The Court will hold a settlement conference after the discovery cutoff date. Settlement conference may be combined with the final pretrial conference. Pursuant to the provisions of LR 16.2, the Court requires that the Joint Pretrial Order be filed one week prior to the final pretrial conference. Witnesses may be added to the final pretrial order only by motion. The Court uses a date certain. The final pretrial conference is typically held two weeks prior to trial. Adjournments of trial dates are rarely granted. Date conflicts must be resolved at the final pretrial conference. Attorneys who have a conflict with another trial must notify the Court in writing as soon as possible.
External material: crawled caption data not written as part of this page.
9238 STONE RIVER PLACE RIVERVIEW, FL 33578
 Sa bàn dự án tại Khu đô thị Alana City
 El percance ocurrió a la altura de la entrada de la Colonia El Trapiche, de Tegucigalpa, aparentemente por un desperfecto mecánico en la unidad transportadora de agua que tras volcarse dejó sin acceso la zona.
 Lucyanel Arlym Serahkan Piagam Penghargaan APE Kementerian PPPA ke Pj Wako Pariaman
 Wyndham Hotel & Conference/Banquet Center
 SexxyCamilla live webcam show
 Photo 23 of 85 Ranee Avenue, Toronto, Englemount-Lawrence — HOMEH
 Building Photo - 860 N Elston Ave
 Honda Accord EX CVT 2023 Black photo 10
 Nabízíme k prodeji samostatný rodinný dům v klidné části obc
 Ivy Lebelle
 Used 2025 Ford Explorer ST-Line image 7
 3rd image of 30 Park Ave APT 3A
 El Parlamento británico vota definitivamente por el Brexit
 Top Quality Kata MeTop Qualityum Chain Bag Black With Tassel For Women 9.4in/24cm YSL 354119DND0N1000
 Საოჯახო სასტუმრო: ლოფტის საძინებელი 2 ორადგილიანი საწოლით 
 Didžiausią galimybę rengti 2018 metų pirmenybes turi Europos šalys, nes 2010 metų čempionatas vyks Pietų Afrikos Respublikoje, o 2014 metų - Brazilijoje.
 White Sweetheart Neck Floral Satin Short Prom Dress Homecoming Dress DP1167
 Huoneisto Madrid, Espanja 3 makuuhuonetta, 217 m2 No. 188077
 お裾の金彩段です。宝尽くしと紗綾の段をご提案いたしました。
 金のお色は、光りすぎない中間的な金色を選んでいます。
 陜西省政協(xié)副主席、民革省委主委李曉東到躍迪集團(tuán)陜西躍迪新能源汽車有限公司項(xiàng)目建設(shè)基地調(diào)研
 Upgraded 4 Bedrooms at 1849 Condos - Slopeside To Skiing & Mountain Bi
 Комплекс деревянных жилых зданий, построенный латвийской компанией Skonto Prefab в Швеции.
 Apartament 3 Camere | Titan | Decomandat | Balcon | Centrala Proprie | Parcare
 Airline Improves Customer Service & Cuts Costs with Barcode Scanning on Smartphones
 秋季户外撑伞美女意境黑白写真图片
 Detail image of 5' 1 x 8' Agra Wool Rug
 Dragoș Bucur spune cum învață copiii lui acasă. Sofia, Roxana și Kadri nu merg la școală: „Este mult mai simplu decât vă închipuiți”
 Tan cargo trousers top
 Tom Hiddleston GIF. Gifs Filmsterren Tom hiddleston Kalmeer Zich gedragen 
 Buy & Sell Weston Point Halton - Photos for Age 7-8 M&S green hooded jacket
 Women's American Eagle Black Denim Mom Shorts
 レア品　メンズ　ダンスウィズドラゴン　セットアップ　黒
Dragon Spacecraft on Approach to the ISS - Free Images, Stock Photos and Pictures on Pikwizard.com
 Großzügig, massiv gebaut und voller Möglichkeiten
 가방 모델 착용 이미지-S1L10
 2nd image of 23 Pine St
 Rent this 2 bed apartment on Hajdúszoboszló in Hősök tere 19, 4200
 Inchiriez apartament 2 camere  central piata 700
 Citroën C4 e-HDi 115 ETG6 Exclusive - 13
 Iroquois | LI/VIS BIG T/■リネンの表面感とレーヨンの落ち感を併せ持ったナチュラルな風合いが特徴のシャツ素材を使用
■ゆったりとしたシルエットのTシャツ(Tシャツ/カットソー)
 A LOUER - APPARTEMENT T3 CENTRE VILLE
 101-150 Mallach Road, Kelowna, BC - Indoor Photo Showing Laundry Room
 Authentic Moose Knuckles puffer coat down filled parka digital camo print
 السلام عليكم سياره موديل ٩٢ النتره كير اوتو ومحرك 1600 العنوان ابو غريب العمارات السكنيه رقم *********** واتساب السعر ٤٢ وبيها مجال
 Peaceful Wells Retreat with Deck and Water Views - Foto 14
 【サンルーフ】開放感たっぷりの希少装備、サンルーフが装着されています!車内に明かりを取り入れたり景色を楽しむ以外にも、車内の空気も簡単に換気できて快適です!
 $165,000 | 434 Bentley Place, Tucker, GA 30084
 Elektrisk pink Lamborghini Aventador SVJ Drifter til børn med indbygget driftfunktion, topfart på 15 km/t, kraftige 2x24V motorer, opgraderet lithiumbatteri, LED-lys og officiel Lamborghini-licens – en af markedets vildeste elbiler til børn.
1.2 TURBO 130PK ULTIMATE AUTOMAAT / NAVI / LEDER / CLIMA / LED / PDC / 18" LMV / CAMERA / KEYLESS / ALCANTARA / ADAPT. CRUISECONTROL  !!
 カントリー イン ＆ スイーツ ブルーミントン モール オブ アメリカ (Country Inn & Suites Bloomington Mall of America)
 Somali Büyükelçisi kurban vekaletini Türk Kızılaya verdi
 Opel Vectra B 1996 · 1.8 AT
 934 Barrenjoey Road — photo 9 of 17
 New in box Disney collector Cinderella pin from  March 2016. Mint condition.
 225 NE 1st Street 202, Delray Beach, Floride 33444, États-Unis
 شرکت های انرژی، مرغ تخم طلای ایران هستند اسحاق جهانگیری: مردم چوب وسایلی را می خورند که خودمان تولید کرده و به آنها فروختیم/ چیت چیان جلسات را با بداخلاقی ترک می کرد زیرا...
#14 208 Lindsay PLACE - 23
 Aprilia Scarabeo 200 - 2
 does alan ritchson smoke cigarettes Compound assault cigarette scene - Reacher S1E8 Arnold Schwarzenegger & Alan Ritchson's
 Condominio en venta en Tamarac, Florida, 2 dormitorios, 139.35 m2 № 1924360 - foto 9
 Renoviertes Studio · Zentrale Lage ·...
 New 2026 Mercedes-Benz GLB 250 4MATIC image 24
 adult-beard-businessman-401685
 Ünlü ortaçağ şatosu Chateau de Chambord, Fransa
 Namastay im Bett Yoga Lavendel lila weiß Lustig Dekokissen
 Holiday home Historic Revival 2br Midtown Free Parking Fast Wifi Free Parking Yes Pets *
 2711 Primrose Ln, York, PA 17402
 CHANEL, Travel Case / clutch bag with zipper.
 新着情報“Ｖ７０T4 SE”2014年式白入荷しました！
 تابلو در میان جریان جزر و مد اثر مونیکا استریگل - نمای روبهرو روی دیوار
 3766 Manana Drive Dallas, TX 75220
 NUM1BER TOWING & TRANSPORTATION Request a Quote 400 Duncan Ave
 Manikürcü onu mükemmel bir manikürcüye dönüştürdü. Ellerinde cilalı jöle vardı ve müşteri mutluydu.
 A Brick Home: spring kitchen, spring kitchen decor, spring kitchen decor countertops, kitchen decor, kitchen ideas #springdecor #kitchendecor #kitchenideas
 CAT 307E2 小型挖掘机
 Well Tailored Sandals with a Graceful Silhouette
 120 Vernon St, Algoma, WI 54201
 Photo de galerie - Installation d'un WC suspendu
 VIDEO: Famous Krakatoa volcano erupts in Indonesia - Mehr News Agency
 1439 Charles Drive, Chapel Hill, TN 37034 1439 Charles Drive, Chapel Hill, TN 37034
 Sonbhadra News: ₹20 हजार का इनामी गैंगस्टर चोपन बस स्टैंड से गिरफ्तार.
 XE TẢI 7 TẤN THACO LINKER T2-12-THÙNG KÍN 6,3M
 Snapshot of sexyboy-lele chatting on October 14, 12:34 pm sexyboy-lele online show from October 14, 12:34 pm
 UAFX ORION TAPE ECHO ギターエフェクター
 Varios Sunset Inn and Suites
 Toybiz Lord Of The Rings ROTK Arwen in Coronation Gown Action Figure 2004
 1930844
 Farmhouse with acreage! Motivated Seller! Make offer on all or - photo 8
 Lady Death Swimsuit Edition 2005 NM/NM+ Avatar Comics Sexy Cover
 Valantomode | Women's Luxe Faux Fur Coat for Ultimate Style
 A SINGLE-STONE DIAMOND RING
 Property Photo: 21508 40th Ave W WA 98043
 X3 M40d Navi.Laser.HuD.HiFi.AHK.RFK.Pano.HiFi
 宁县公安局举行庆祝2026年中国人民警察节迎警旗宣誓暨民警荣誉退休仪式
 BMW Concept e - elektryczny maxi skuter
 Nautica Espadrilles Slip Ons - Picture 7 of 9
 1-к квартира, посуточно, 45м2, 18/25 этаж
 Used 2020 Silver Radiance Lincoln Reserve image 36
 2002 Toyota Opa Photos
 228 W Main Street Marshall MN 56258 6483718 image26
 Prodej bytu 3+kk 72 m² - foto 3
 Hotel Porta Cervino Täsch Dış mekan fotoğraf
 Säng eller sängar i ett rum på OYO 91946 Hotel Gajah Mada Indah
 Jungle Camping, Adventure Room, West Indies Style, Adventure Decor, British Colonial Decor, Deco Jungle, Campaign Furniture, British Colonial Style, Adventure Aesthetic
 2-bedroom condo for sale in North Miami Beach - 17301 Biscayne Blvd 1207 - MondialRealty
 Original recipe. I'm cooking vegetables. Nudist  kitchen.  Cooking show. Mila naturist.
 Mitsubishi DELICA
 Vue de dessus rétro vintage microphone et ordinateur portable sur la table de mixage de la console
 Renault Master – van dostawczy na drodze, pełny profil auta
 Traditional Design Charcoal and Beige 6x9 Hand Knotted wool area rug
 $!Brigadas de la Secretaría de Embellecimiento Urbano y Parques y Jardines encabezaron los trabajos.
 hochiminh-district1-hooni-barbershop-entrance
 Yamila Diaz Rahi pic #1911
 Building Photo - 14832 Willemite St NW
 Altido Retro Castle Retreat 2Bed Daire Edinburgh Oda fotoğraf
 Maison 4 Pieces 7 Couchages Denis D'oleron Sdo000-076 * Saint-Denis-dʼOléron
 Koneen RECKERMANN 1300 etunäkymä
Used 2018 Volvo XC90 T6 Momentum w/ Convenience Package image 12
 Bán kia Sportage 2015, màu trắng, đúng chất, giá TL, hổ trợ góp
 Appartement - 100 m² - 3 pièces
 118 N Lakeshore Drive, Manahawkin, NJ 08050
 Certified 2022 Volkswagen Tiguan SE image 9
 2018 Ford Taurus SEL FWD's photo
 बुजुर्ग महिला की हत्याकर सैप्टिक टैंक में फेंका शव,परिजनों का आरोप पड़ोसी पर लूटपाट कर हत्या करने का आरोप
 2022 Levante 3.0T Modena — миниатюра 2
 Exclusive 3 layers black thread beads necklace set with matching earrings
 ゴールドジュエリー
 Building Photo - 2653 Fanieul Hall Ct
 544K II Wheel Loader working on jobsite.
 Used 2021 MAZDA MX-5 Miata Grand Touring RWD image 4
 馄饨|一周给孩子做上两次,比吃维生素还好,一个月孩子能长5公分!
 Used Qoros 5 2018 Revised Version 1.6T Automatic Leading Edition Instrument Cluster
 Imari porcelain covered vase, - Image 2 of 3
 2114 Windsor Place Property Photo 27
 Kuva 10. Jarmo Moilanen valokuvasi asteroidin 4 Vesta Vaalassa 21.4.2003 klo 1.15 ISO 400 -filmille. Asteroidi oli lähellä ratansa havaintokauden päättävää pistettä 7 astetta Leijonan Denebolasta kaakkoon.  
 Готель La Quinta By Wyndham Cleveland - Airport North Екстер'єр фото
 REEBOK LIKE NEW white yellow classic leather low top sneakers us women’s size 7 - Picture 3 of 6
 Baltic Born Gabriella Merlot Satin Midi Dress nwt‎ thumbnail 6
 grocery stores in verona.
In cases of conflict, the Court will require another member of the attorney's firm to conduct the trial. Judge Cook routinely becomes involved in settlement negotiations in jury cases. He may refer non-jury matters to another Judge, a Magistrate Judge, or an independent Mediator for settlement conference. He may also become involved in the settlement of non-jury cases, but on a limited basis. Prior to the final pretrial conference, he is amenable to scheduling a settlement conference if the request is made early. On the date of the trial, Judge Cook will not delay commencement of trial for purpose of a settlement conference. He requires that exhibits be exchanged seven days prior to trial and that they be marked with numbers for plaintiff(s) and letters for defendant(s). Counsel retains custody of exhibits during trial and pending appeal. Trial briefs must be exchanged seven days prior to trial. There is no special form for motions in limine. Motions in limine must be filed two weeks before trial. Motions in limine are generally heard on the morning of trial.

a. Non-Jury Trial

In non-jury trials, proposed findings of fact and conclusions of law must be filed on the first day of trial. Generally, Judge Cook makes his findings of fact in writing and not from the bench.

b. Jury Trial

Judge Cook generally uses two alternate jurors. Alternate jurors are informed of their status prior to the conclusion of trial. Trial counsel are not permitted to conduct voir dire. Requests for specific voir dire must be submitted in writing seven days prior to trial. In civil cases the Court allows three peremptory challenges for the six person panel and one for alternates. In criminal trials, the Court permits ten peremptory challenges for the defendant and six for the Government. The Court will handle challenges in such a manner that the jurors will not know which party has excused them. Jury instructions must be filed seven days prior to trial.

c. Miscellaneous

The Court does not allow out of state counsel, not admitted in the Eastern District, to practice upon a special motion unless counsel complies with E.D. Mich. LR 83.20 . The Court generally holds trial on a daily basis between the hours of 8:30 a.m. and 1:00 p.m. The Court will allow multiple counsel for one party. The Court imposes a time limitation of one hour each for opening statements and closing arguments. There are no time limitations imposed on direct or cross-examination. The Court requires counsel to request permission to approach a witness or the bench. A jury is charged after final arguments and counsel of record does not have a choice of having the jury charged before final arguments. Each juror is given a copy of instructions to take in the jury room during deliberation. Jurors are allowed to take notes during trial. If requested by counsel of record, the Court would not allow jurors to take notes in a simple case, but is amenable otherwise.